2013 Fiscal Year Research-status Report
高反応性官能基を用いた低分子化合物のレセプター同定と環境探査への試み
Project/Area Number |
25560415
|
Research Category |
Grant-in-Aid for Challenging Exploratory Research
|
Research Institution | Kyoto University |
Principal Investigator |
西村 慎一 京都大学, 薬学研究科(研究院), 助教 (30415260)
|
Project Period (FY) |
2013-04-01 – 2015-03-31
|
Keywords | 分子間相互作用 / 脂質 / 生体分子 / 共有結合 |
Research Abstract |
生命は遺伝子に直接コードされる核酸やタンパク質と、間接的にコードされるあるいは環境から取得する低分子化合物やイオンがモジュールとしてはたらき、それらが複雑に相互作用することにより成り立つ。そこでモジュール間の相互作用を包括的、かつ動的に検出することが生命の理解の基盤となる。タンパク質間相互作用については、出芽酵母などのモデル生物において、網羅的なタグ融合型タンパク質の発現とアフィニティー精製により複合体を取得し、質量分析計によるタンパク質の同定を行うことで包括的なネットワーク構築が試みられている。しかし低分子化合物の相互作用を包括的に検出することは絶対的な方法論が無いために現実的ではなく、普遍的な方法論の開発が望まれている。本研究では5-sulfonyl tetrazole(5-ST)などの反応性官能基を用いて低分子化合物が相互作用する分子を共有結合で標識化する方法論を開発し、低分子化合物のレセプター分子および周辺に存在する分子の効果的な同定方法の確立を目指す。 初年度にはまず、(i)脂質をリガンドとしたプローブを設計・合成し、5-STをプローブ分子に組み込み、その生細胞における標識化能を検討した。するとリガンド依存的な膜タンパク質の標識化が検出された。(ii)合成したプローブの反応点を確認するためにプローブをいくつか合成し、標識化能を検討したところ、目的としていた5-STではなく偶然プローブ分子に組み込まれていた官能基Tがその原因である可能性が示唆された。

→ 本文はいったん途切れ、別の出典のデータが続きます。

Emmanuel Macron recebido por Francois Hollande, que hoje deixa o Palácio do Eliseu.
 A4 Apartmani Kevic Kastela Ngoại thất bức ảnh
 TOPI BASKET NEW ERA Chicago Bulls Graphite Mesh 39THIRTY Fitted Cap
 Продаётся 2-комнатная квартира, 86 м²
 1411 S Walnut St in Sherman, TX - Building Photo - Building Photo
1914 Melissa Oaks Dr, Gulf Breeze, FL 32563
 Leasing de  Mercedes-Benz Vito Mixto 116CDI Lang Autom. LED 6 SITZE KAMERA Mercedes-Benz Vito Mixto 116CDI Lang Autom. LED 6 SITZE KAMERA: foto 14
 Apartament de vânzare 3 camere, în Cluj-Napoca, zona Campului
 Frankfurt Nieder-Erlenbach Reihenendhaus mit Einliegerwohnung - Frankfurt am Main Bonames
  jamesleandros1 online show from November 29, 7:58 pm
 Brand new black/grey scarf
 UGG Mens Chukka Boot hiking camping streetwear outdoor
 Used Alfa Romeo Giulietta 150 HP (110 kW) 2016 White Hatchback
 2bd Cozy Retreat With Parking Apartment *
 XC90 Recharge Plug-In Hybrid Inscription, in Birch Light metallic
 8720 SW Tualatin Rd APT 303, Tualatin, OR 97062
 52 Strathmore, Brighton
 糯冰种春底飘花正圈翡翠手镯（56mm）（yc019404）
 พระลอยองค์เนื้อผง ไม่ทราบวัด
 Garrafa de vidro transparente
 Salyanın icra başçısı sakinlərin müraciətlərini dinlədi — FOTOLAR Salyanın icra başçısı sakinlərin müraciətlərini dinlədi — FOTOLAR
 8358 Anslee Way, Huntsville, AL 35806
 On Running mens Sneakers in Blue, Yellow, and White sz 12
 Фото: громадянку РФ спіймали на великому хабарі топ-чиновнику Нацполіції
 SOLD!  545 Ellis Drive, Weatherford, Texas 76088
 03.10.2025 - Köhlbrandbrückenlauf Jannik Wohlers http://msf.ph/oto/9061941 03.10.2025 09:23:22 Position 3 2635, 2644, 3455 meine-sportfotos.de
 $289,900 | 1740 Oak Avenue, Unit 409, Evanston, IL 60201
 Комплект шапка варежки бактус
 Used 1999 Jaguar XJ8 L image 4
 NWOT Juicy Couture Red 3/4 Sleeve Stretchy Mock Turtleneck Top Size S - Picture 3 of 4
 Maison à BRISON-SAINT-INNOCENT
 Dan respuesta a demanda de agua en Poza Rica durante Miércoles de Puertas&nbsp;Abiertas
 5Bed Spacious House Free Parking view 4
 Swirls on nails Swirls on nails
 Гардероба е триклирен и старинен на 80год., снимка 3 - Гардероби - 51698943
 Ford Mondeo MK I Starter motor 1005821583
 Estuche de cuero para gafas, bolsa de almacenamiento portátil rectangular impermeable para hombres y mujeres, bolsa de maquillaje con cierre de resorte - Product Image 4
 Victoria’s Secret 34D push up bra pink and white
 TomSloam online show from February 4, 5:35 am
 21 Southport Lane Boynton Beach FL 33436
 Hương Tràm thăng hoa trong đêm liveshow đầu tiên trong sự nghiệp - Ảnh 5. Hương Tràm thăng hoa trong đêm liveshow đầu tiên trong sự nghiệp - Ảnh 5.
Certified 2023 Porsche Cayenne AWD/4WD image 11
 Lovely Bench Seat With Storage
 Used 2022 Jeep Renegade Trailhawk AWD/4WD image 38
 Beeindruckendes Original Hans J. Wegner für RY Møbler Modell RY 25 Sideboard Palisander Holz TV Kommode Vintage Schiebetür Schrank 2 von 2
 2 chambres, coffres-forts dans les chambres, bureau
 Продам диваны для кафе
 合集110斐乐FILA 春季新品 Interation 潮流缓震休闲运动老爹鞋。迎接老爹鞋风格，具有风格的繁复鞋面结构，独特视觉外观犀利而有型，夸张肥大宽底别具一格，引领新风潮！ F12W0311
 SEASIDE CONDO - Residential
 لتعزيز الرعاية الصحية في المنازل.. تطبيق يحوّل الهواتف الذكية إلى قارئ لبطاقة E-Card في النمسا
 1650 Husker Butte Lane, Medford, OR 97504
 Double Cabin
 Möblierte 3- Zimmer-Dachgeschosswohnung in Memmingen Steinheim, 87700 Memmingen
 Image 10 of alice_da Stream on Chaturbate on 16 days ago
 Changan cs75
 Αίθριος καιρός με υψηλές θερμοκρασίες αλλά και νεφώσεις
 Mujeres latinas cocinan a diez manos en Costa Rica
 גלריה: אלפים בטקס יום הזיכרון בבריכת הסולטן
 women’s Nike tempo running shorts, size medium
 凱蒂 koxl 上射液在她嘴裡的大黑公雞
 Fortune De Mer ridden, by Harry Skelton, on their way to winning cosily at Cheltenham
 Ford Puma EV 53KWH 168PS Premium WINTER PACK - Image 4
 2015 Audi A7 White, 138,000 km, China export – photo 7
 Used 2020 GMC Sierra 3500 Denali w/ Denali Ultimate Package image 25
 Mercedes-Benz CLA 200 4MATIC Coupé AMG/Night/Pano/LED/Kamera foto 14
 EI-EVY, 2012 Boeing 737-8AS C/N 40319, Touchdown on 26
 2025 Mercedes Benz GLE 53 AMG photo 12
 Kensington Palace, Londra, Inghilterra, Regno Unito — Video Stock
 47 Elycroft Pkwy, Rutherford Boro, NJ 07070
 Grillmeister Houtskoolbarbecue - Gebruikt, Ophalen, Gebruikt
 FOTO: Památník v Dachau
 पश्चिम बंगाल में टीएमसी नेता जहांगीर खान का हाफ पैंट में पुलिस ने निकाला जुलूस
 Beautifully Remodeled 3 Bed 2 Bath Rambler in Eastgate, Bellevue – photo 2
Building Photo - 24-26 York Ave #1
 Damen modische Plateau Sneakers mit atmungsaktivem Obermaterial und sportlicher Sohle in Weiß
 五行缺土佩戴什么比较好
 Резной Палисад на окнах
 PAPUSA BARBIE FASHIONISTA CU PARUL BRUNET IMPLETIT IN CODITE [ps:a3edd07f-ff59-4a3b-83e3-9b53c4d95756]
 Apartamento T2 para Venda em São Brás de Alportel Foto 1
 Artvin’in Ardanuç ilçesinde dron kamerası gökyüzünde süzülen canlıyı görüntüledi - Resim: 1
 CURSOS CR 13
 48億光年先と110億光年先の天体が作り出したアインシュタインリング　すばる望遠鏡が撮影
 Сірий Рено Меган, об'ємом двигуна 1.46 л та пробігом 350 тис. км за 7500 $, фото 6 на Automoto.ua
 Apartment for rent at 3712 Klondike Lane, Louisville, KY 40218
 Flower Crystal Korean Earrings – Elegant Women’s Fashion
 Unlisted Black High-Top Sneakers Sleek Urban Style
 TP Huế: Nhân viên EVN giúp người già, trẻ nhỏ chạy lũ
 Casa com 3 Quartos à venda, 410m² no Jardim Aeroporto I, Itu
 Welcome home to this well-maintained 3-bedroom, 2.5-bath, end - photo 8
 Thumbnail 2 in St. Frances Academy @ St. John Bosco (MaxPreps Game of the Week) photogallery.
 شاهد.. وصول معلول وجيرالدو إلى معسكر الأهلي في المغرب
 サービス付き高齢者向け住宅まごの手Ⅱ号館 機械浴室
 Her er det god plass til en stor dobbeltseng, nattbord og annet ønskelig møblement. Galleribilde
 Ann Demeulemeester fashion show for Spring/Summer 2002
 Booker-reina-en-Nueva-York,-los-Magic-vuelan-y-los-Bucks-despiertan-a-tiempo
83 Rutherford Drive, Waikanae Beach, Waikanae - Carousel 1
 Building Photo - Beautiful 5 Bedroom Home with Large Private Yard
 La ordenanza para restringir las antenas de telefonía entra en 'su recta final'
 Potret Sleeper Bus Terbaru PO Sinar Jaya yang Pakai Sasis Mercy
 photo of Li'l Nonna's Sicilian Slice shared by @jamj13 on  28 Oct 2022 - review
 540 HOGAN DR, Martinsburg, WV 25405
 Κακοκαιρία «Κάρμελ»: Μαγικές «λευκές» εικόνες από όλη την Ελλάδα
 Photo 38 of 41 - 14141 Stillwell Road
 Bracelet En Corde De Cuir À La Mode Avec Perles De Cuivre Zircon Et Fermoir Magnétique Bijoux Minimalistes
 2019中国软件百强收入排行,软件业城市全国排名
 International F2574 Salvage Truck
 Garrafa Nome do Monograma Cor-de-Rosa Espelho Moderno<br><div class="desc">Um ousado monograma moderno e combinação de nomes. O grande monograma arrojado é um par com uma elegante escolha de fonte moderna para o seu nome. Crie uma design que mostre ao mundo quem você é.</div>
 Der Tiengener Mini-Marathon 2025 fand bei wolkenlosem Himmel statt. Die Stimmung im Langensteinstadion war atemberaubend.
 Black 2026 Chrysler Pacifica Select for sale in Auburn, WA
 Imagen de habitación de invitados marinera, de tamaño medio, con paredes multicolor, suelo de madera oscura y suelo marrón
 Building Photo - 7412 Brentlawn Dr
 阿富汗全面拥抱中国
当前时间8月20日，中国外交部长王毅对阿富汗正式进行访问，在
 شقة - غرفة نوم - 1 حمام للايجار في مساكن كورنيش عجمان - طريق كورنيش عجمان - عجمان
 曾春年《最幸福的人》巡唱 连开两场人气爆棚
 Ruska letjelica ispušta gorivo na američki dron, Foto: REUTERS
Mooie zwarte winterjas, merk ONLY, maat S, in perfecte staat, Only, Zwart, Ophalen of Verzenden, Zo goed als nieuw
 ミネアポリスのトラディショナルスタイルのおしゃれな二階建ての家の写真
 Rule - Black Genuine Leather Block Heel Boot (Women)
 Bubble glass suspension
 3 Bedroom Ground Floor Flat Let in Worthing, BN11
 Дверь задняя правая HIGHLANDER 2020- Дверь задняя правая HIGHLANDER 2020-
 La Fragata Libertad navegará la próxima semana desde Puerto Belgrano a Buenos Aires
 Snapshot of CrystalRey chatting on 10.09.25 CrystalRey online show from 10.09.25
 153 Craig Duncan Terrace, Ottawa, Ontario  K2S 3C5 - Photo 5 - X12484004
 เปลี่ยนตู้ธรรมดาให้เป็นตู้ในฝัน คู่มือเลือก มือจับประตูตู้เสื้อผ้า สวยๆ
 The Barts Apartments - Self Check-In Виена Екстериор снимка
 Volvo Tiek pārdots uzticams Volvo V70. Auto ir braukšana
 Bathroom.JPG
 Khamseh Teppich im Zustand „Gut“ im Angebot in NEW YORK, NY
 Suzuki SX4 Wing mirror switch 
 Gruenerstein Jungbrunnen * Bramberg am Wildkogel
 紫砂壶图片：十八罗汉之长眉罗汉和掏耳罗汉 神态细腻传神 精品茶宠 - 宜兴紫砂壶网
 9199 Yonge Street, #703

当初の目的としていた官能基ではないが、リガンド依存的な標識化に成功したことから、次年度は官能基Tによる標識化のメカニズムと拡張性を調査する予定である。
|
Current Status of Research Progress |
Current Status of Research Progress
2: Research has progressed on the whole more than it was originally planned.
Reason
本研究では5-sulfonyl tetrazole(5-ST)などの反応性官能基を用いて低分子化合物が相互作用する分子を共有結合で標識化する方法論を開発し、低分子化合物のレセプター分子および周辺に存在する分子の効果的な同定方法(LiDEL法)の確立を目指している。この目的の達成にまず必要なのは、生細胞で特異的な標識化を可能にする反応性官能基の存在である。研究開始当初にはプローブ分子に組み込む5-STがリガンドのレセプターや周辺に存在する分子と共有結合することを想定していたが、5-STではなく別な官能基Tを用いて同じ目的が達成できそうであることを見出した。LiDEL法の確立のためには、結果論ではあるが反応性が高すぎる5-STよりも偶然に見出した低い反応性しか示さない官能基Tの方が良かったのかもしれない。ただ、官能基Tについては全く予備的な知見をもっておらず、次年度にはその反応性から調べていく必要がある。また、リガンド依存的な生細胞中での標識が検出されており、初年度の成果は本研究がおおむね順調に進行しているといえる。
|
Strategy for Future Research Activity |
本研究は平成25年度において、官能基Tによるリガンド依存的なタンパク質の標識化に成功した。平成26年度には、官能基Tによる標識化のメカニズムと拡張性を調査する予定である。 まずメカニズムについては、(i)試験管内での官能基Tの反応性と(ii)生細胞中での反応機構の解明をすすめる。前者では、生理的条件下では安定と思われる官能基Tの反応性を調べるため、過激な条件で反応性を検討する。生細胞中では求核性の側鎖を有するアミノ酸から官能基Tが攻撃されている可能性があるため、各種の求核性官能基を用いて試験する。後者については、リガンドと官能基Tを結ぶリンカーの長さや種類、リガンドの構造活性相関を検討する。最も修飾効率の高いプローブを用いて、修飾部位を生化学的に決定する。 次に拡張性については、レセプターが未知の化合物を含めて、現在設定している脂質分子以外のリガンドについて官能基Tを導入したプローブ分子を設計・合成し、標識化の選択性や効率を試す。低分子化合物とレセプターとの相互作用の安定的な検出と、脂質分子という超基本的な生体構成低分子をモデルとして、流動性が高くマルチターゲットな低分子化合物と生体高分子間の相互作用を包括的にとらえるための基盤技術の構築を目指す。